## What is required
In your copy of the data, keep every word exact and include no pictures.

[Opening Supplied data section]

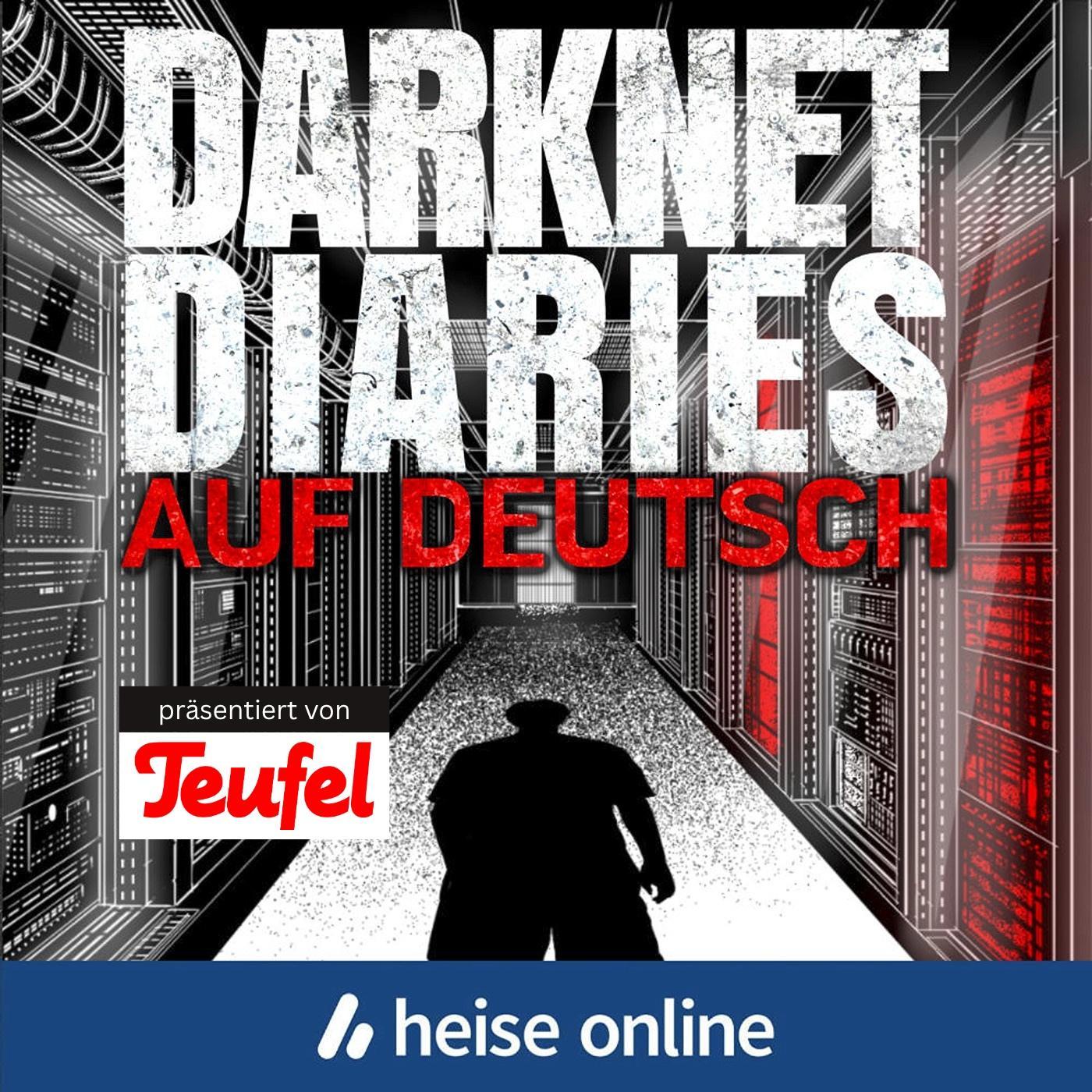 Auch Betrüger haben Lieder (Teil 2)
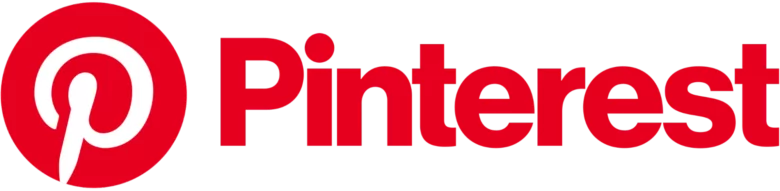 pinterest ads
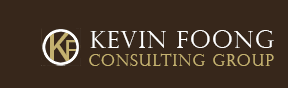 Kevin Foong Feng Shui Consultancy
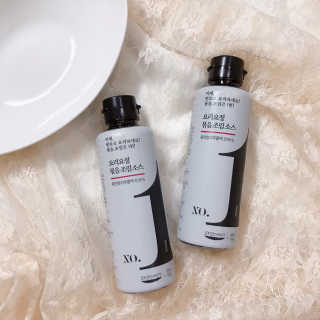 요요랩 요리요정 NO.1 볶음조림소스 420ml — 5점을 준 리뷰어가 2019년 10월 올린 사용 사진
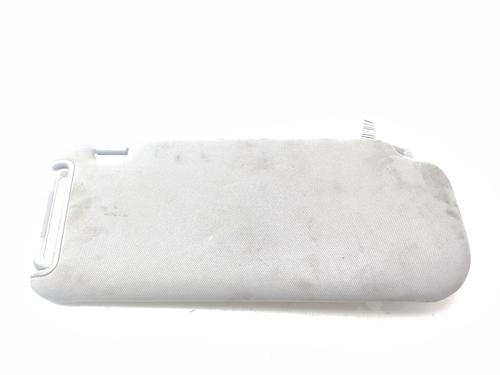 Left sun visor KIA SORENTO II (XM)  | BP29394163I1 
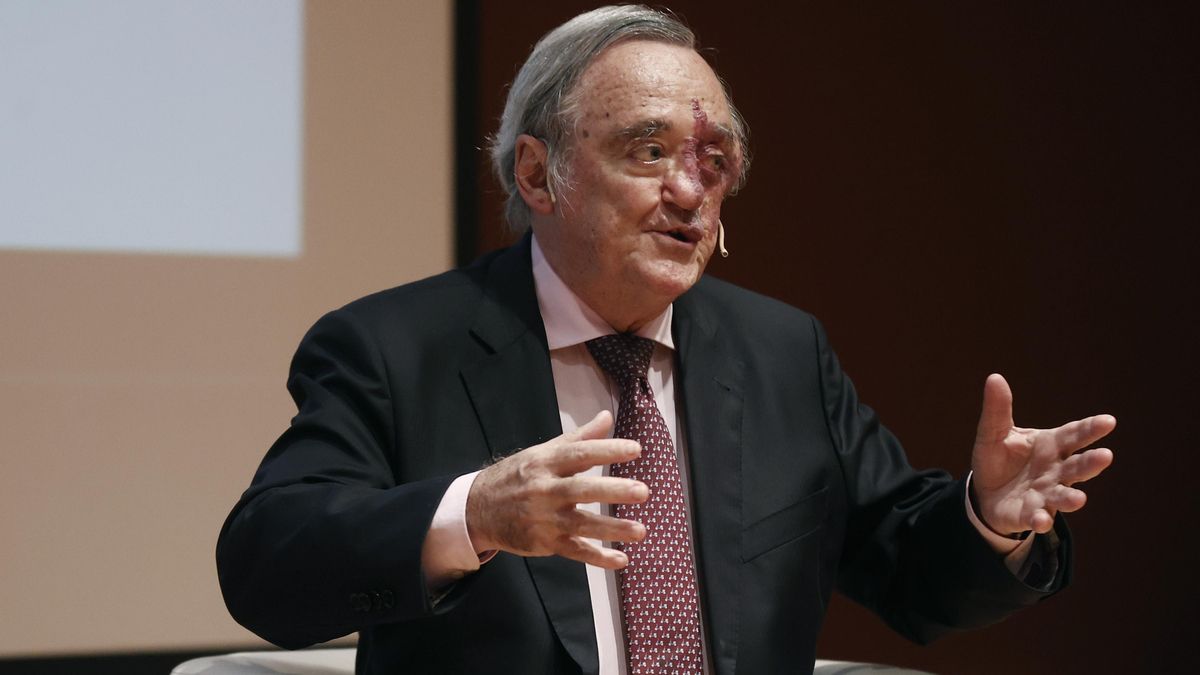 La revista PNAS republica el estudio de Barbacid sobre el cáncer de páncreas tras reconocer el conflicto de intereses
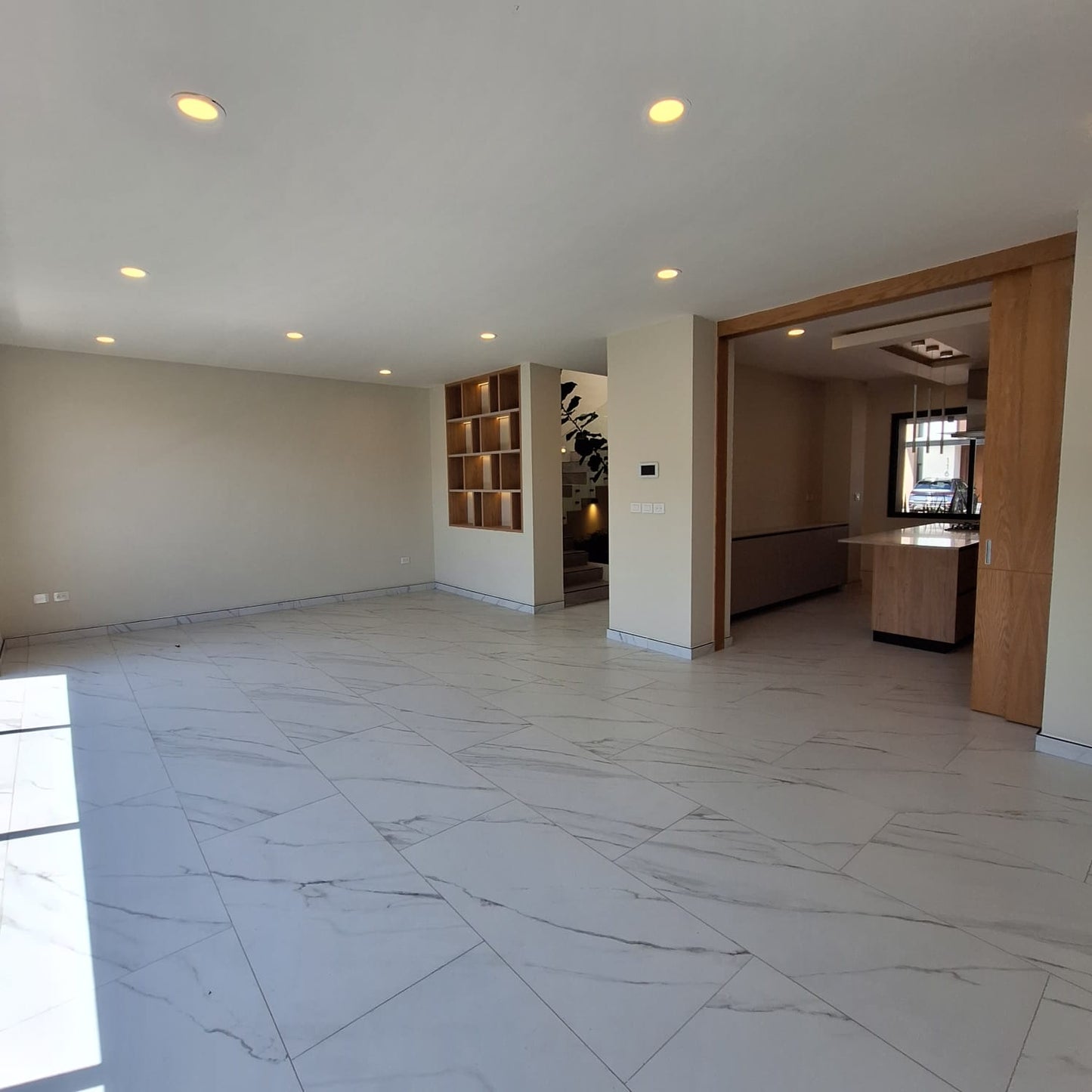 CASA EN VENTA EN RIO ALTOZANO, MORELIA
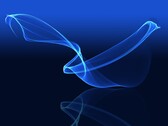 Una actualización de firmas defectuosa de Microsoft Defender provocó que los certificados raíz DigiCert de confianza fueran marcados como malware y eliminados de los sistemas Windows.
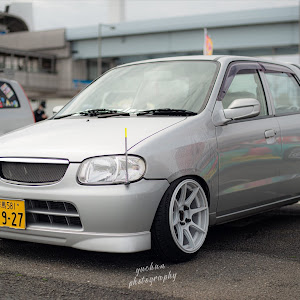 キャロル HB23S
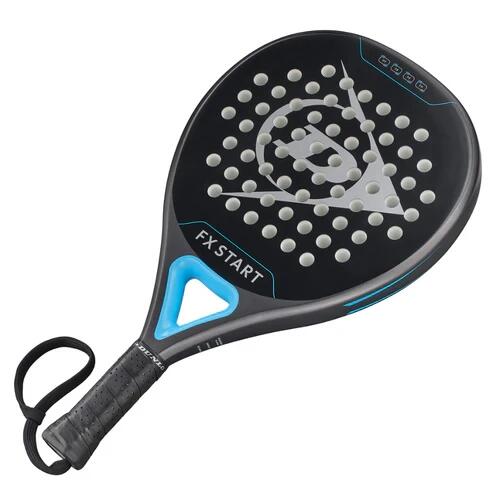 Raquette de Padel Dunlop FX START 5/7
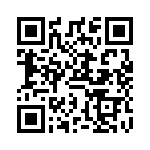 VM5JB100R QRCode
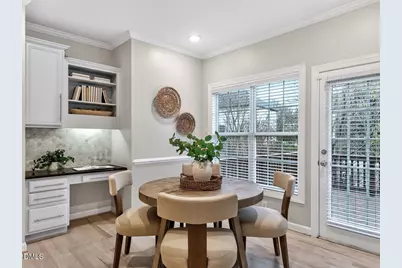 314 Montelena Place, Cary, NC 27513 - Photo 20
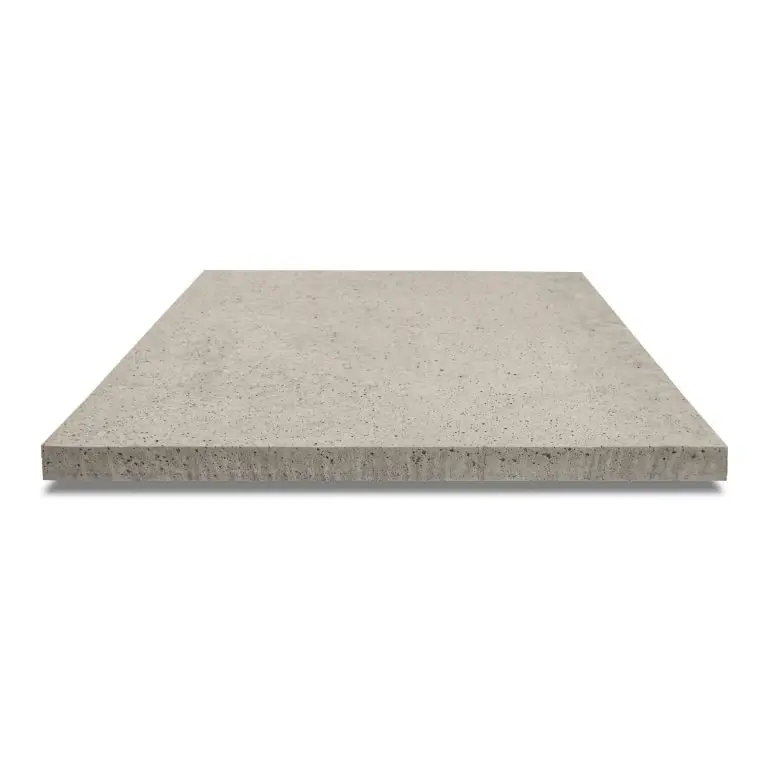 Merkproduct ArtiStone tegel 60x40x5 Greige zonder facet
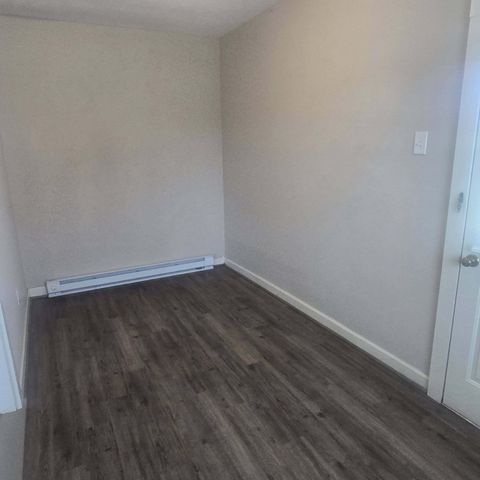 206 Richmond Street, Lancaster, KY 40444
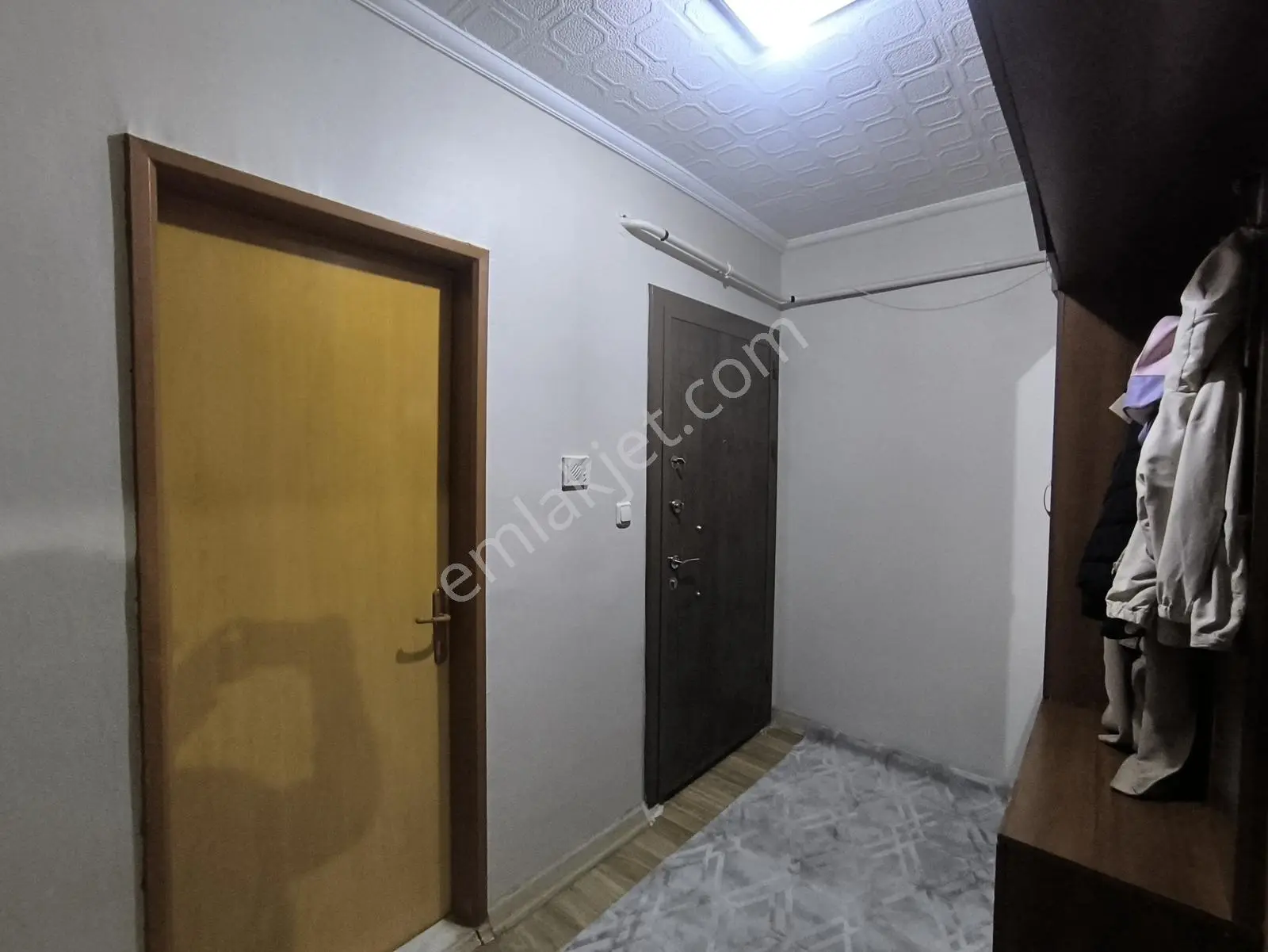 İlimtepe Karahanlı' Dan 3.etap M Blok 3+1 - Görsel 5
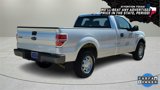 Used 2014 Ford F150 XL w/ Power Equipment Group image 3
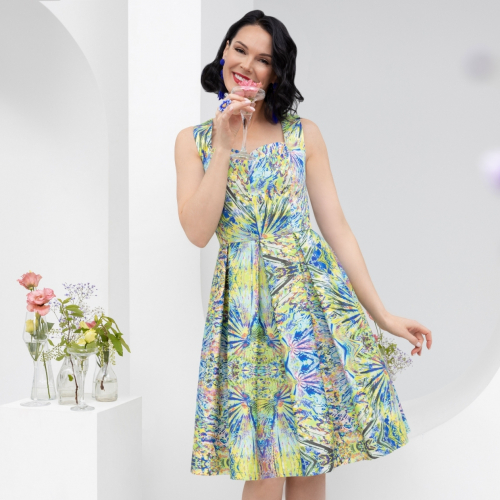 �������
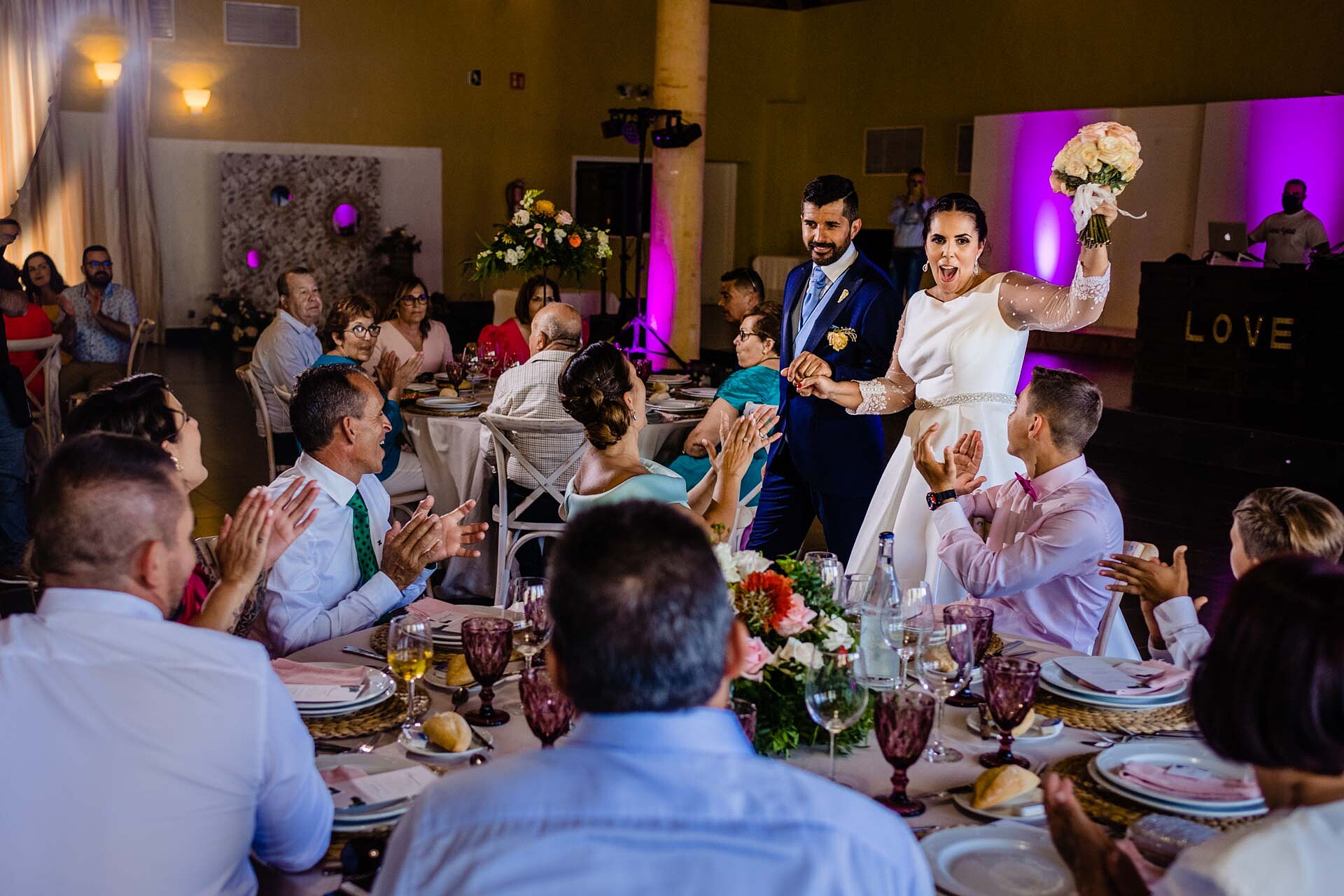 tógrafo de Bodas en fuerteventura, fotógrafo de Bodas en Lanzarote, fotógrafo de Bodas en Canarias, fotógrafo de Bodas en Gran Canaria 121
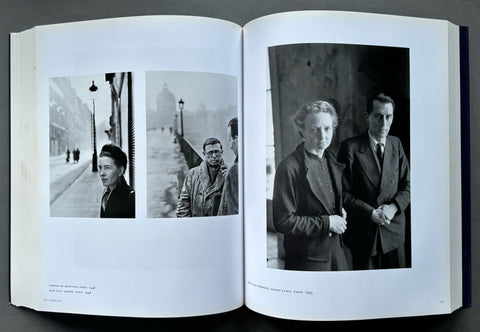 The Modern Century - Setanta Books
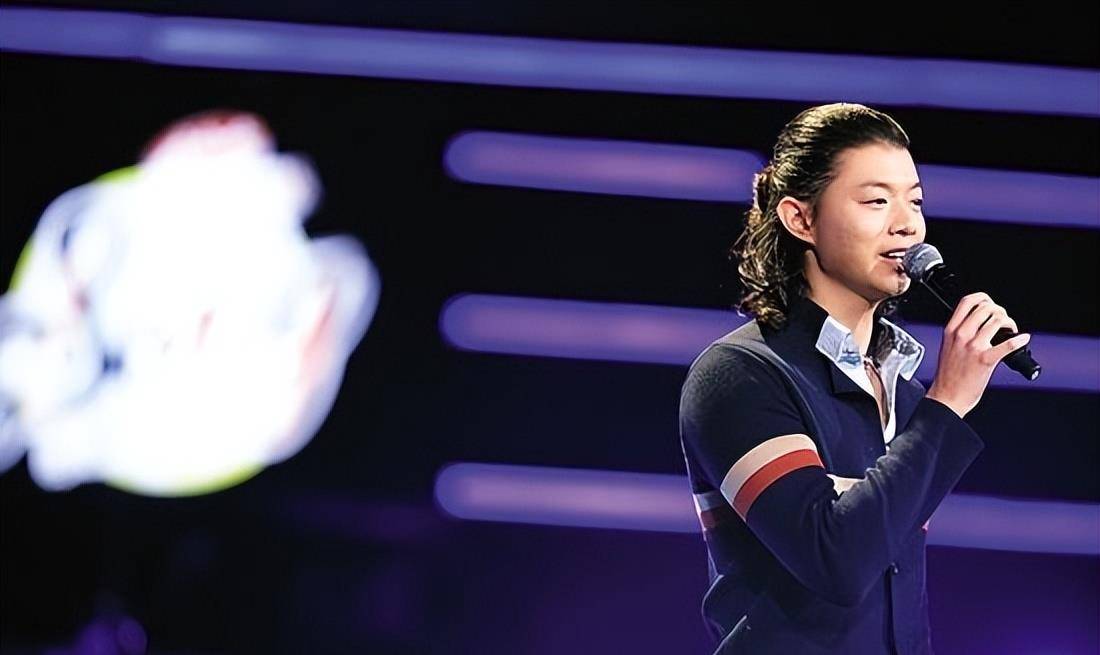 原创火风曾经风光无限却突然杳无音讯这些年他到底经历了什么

[Closing Supplied data section]

## Final answer
 Auch Betrüger haben Lieder (Teil 2)
 pinterest ads
 Kevin Foong Feng Shui Consultancy
 요요랩 요리요정 NO.1 볶음조림소스 420ml — 5점을 준 리뷰어가 2019년 10월 올린 사용 사진
 Left sun visor KIA SORENTO II (XM)  | BP29394163I1 
 La revista PNAS republica el estudio de Barbacid sobre el cáncer de páncreas tras reconocer el conflicto de intereses
 CASA EN VENTA EN RIO ALTOZANO, MORELIA
 Una actualización de firmas defectuosa de Microsoft Defender provocó que los certificados raíz DigiCert de confianza fueran marcados como malware y eliminados de los sistemas Windows.
 キャロル HB23S
 Raquette de Padel Dunlop FX START 5/7
 VM5JB100R QRCode
 314 Montelena Place, Cary, NC 27513 - Photo 20
 Merkproduct ArtiStone tegel 60x40x5 Greige zonder facet
 206 Richmond Street, Lancaster, KY 40444
 İlimtepe Karahanlı' Dan 3.etap M Blok 3+1 - Görsel 5
 Used 2014 Ford F150 XL w/ Power Equipment Group image 3
 �������
 tógrafo de Bodas en fuerteventura, fotógrafo de Bodas en Lanzarote, fotógrafo de Bodas en Canarias, fotógrafo de Bodas en Gran Canaria 121
 The Modern Century - Setanta Books
 原创火风曾经风光无限却突然杳无音讯这些年他到底经历了什么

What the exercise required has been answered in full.